De acordo com o Ministério das Infraestruturas e Habitação, a reforma introduz profundas medidas de simplificação administrativa, desenhadas para tornar os processos urbanísticos mais céleres, previsíveis e eficientes para os cidadãos, empresas e municípios. Ao eliminar barreiras burocráticas na construção e na reabilitação, o Governo pretende aumentar a oferta de habitação no mercado e estimular o investimento económico.

As principais alterações introduzidas são as seguintes:

1. Disponibilização imediata do título urbanístico

O novo regime permite a disponibilização do título urbanístico a partir do primeiro dia, com a integração dos modelos de requerimento no próprio título, os quais incluem a síntese da operação. Os interessados deixam de estar dependentes de um ato final da Administração Pública ou do pagamento prévio de taxas para obter o documento.

2. Simplificação da Comunicação Prévia

O processo de Comunicação Prévia passa a eliminar a fase de saneamento e a dispensa de qualquer resposta da autarquia, reduzindo o período de controlo sucessivo para o prazo máximo de um ano.

3. Limitação de pareceres e audiências prévias

Os pareceres externos que não digam respeito à localização passam a ser apresentados logo com a pretensão inicial.

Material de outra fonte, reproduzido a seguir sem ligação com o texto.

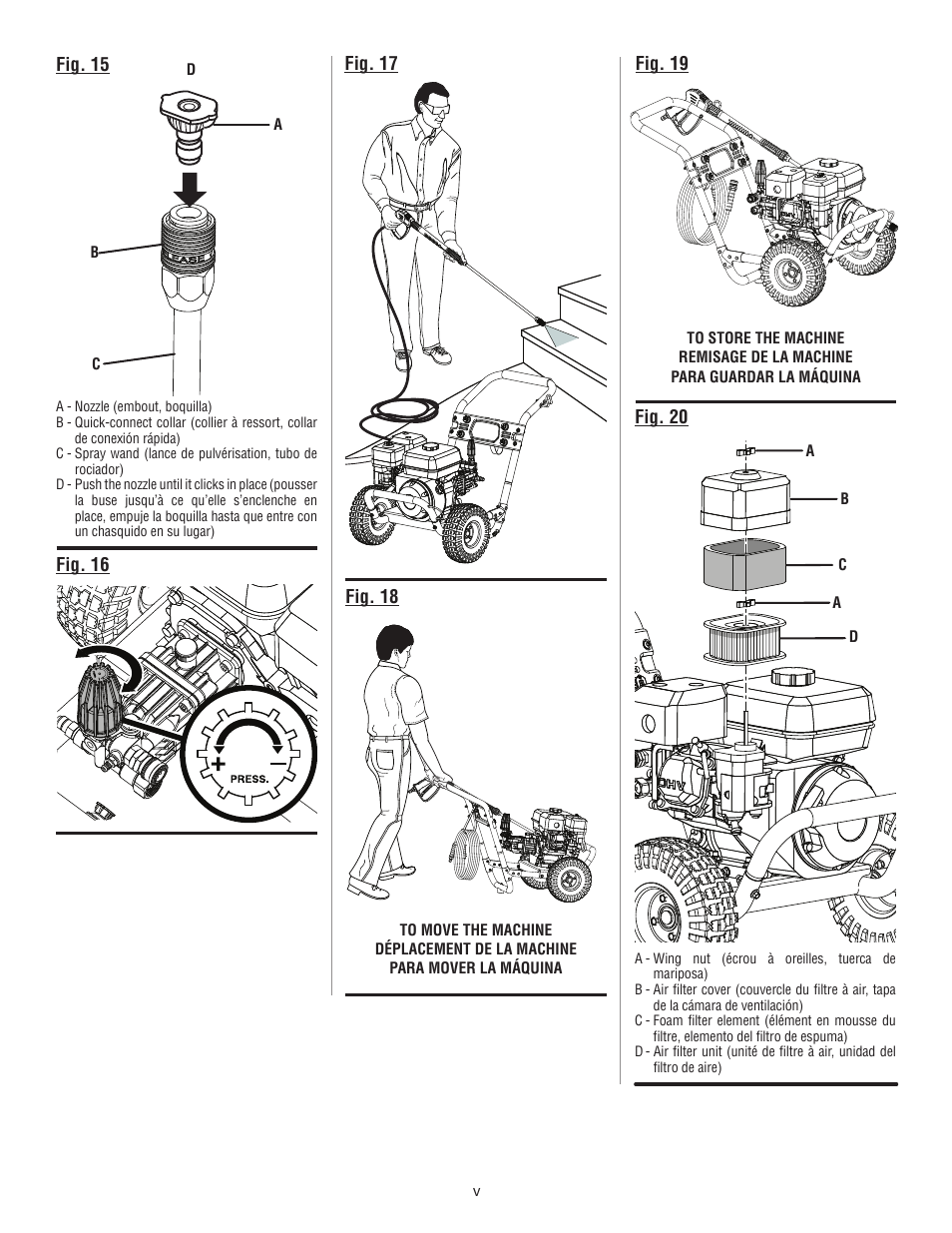 Homelite HL80923 User Manual | Page 5 / 48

É ainda limitado o número de audiências prévias e de alterações permitidas ao projeto.

4. Reformulação do Pedido de Informação Prévia (PIP)

O diploma define os requisitos para o PIP Simples e reforça a instrução do PIP Qualificado, assumindo este mecanismo uma natureza puramente informativa de pergunta-resposta à câmara municipal, com prazos harmonizados com os do licenciamento.

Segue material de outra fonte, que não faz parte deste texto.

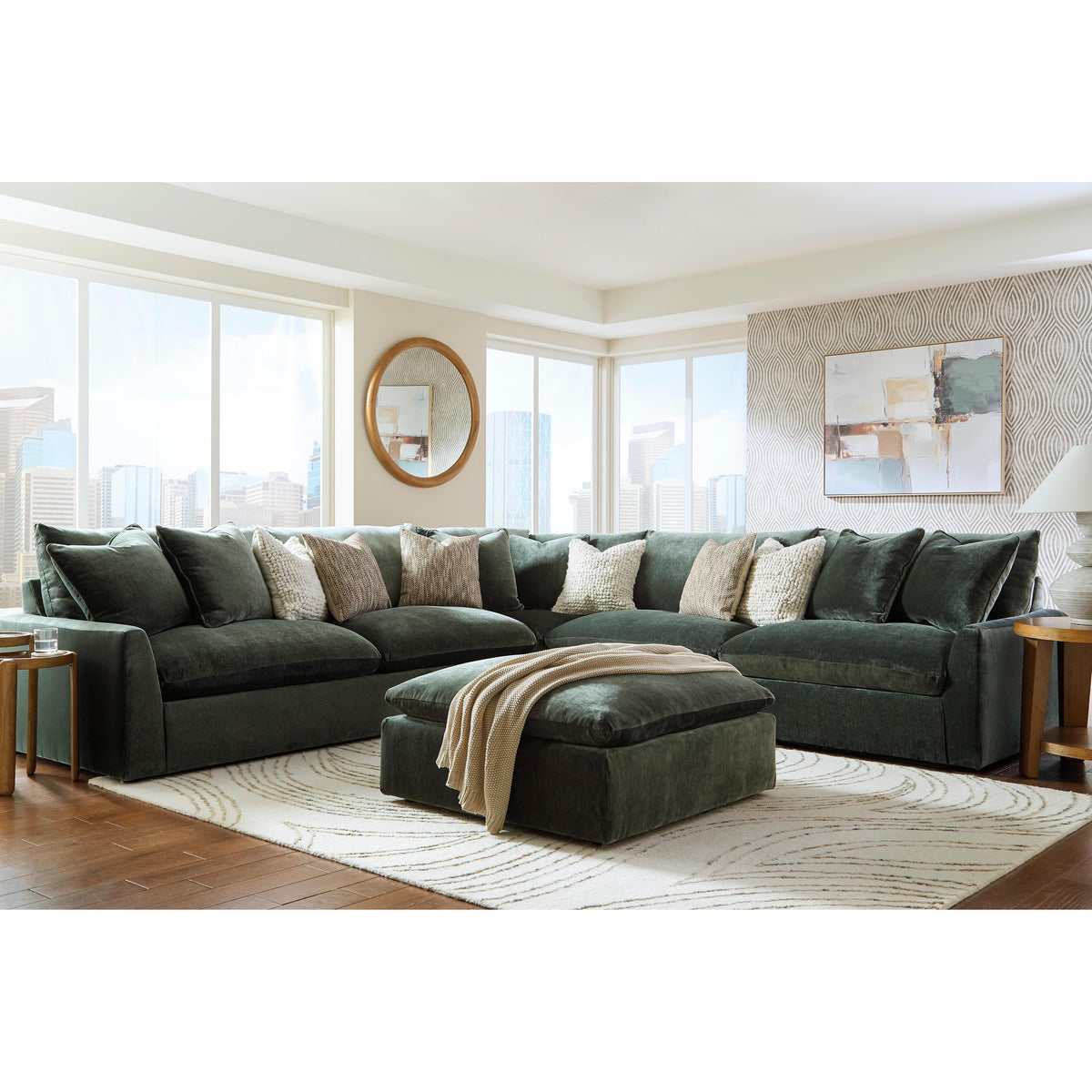  Benchcraft Carriage View RAF Sofa 7800167 IMAGE 5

5. Revisão do conceito de reconstrução

O novo diploma revê a definição de obra de reconstrução, que passa a ter como referência a reposição do último antecedente válido. As obras de reconstrução que apenas reponham a situação anterior do imóvel continuam isentas de licenciamento ou comunicação prévia, incluindo em imóveis situados em zonas de proteção patrimonial.

6. Reforço do regime de deferimento tácito

O regime de deferimento tácito é reforçado, possibilitando que determinados processos avancem caso não exista decisão municipal dentro dos prazos previstos.

7. Loteamentos e habitação de custos controlados

As licenças de loteamento passam a ser aprovadas por deliberação camarária desde que pelo menos 10% dos fogos de cada lote sejam destinados a habitação de custos controlados, mantendo-se inalteradas a área bruta de construção, a volumetria e a área de implantação.

8. Incentivos à habitação acessível

O decreto-lei introduz medidas destinadas a incentivar a habitação pública, habitação de custos controlados e arrendamento acessível, flexibilizando as regras relativas a cedências de terrenos e parâmetros urbanísticos.

9. Redução do prazo para declaração de nulidade

É reduzido de 10 para 1 ano o prazo para eventual declaração de nulidade dos atos administrativos previstos no RJUE.

10. Proteção dos compradores de imóveis

A Ordem dos Notários destacou, entre as mudanças mais relevantes, o reforço da proteção dos compradores de imóveis. Passa a ser obrigatória a indicação, na escritura de compra e venda, da existência ou inexistência de licença de utilização.

O decreto-lei entra em vigor no primeiro dia útil do terceiro mês seguinte ao da sua publicação e será aplicável aos procedimentos que se iniciem após essa data.